If you want to make this your dream career, your sacrifices and accomplishments are ultimately going to be theirs as well. Might as well get them used to it now. If it means that much to you, they’ll understand.

Look for opportunities, rather than excuses. Writing is one of the few jobs where you can do it anywhere, even if it looks like you’re doing nothing at all. You can even mentally prepare for what you need to do in your next chapter while you’re stuck in traffic. Use voice notes and scratch paper and jot down anything and everything that will make your next writing session a little easier.

This is where outlines prove the most useful. If you go into every writing session with a definite goal to accomplish, it’s going to go a lot smoother than just flying by the seat of your pants, praying that the words will come when you’re not exactly sure your Muse is going to report for duty that day.

Which brings us to…

EXCUSE #3: I HAVE WRITER’S BLOCK.

Yeah. No, you don’t. And even if you did, it’s not a valid excuse to stop writing.
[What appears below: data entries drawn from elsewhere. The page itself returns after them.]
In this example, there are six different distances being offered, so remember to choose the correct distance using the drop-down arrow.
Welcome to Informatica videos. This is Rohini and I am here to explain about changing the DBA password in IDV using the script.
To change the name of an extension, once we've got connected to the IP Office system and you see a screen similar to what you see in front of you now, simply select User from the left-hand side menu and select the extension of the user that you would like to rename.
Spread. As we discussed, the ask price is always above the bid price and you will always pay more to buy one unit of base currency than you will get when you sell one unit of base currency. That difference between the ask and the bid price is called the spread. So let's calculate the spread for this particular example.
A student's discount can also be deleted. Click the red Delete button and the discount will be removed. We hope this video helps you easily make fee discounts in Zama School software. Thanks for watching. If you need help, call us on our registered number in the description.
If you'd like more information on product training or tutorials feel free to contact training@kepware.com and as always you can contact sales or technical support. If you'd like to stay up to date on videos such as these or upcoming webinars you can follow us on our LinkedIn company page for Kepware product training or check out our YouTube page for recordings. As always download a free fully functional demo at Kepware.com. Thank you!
I get that some days the words come easier than other days. Some days, it’s like pulling teeth to write a sentence. Some days, every single letter you type feels wrong. It just doesn’t sit well. It nags at your spirit and just brings you down, wondering why you ever wanted to be a writer in the first place.
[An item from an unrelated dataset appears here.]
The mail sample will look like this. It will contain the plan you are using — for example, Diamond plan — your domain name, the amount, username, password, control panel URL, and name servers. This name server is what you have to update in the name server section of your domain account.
Some days you’re going to stare at a blinking cursor for long minutes at a stretch as you mentally craft and discard sentences before they ever make it to the page. Some days you might not even reach that threshold of 1,667 words.

This makes it even more important to write every single day. Some days will be crap writing days. But some won’t. Some days it’ll be like your muse turned on a faucet and each perfect word just magically drops from heaven above. On those days, you’ll not only reach your threshold, you’ll pass it. The feeling is so euphoric that you won’t want to stop. You may stay up an extra hour that night, writing a thousand extra words, just because you could. And you should.

I love those days. Those days allow for the crap days. Since I know I need to average 1,667 words a day, the days I write 3,334 words virtually give me a day for free. I like that. I like being ahead of the game.

I’m a gold-star kinda girl, and have been since I was chasing honors in elementary school. I always want to do more than what is expected of me. If I only wrote 1,667 words a day and didn’t have that pretty blue progress bar way ahead of where it needed to be, it would stress me out. I would feel the pressure of the deadline. I would know that there wasn’t any wiggle room for a bad day where life reared its ugly head, or a crap writing day were I was lucky to reach a thousand words, much less the minimum.

If you struggle to meet that writing goal on a regular basis, it could be as simple as you not understanding the story you want to tell. This is also where the outlines come in handy, because you know the direction you’re going before you ever get started. Once you train yourself to do that, writer’s block will no longer intimidate you. You’ll have all the materials you need to build your chapters and reach your minimums.

Maybe your story is inherently flawed, without enough conflict to sustain it, where it fades out like a candle that has run out of wick. Maybe you don’t really know your characters all that well. This is where prep work will prove most useful, because a lot of this can be fleshed out before you even start your project. We’ll go into details about those later, and how you can use that to defeat the paper dragon known as Writer’s Block. Suffice it to say, it can be done. You just have to want to do it.

EXCUSE #4: IT’S CRAP. I’M CRAP. NANOWRIMO IS CRAP. UGG!!

What did I just tell you yesterday? It’s okay to suck in a first draft. It’s not going to be pretty and perfect, no matter how carefully you want to plan every single word. Give yourself the permission to write crap. Be verbose. Be pedantic. Use improper grammar. All that can be fixed later. It’s up to you to get the basic structure in place, and sometimes there’s no other way to do it than one crappy word at a time.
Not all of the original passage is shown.